The waiting room of the CWC is an interesting place. First of all, there is no security, and people just wander in off the street, or groups congregate outside. It is also not accessible. We had to carry Maggie up the entrance steps. Shishur Sevay has guards 24/7. No one enters without signing in. (The guard can be seen in the top pic as the team is leaving). Shishur Sevay no longer has steps, only ramps.
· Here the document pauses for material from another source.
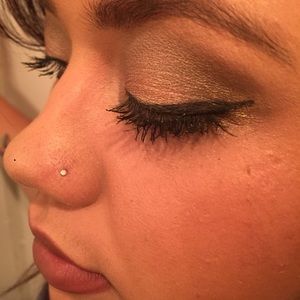 TRADED!! 💖Moodstruck 3D fiber mascara YOUNIQUE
I’ll try to explain all the connections that went on yesterday. The above sketch is of people from an adoption business. Cici and I visited there in January 2004. The room was freezing; the babies were laying on plastic sheets, and only partly covered by tiny blankets that they said had been donated. The babies were so cold, ice cold hands and feet. Now eight years later, two of Aunty’s children come from that home, the children for whom the agency could not get any money, and eventually gave to the government, and then to Aunty. Initially the agency supplemented government money with “sponsorship” money but then they stopped paying. There is no legal agreement. These children are the byproducts of adoption, the human beings no one wants. . So here I sit, looking at two ladies holding two babies who are now in the custody of this orphanage. They are here at CWC to make it legal. If those babies are OK they will be adopted; if not they will eventually become the responsibility of the government.
In another part of the room, a social worker I’ve met before sits with a group of older girls. These girls have all just been rescued from trafficking. They look lost. One has family that has come, as her mother had been hunting and hunting. The girl had been kidnapped and imprisoned by a family member. I’m not sure this young woman will ever be ok. That’s just how rape is. I know. I tried to tell her she will be OK. I made her laugh.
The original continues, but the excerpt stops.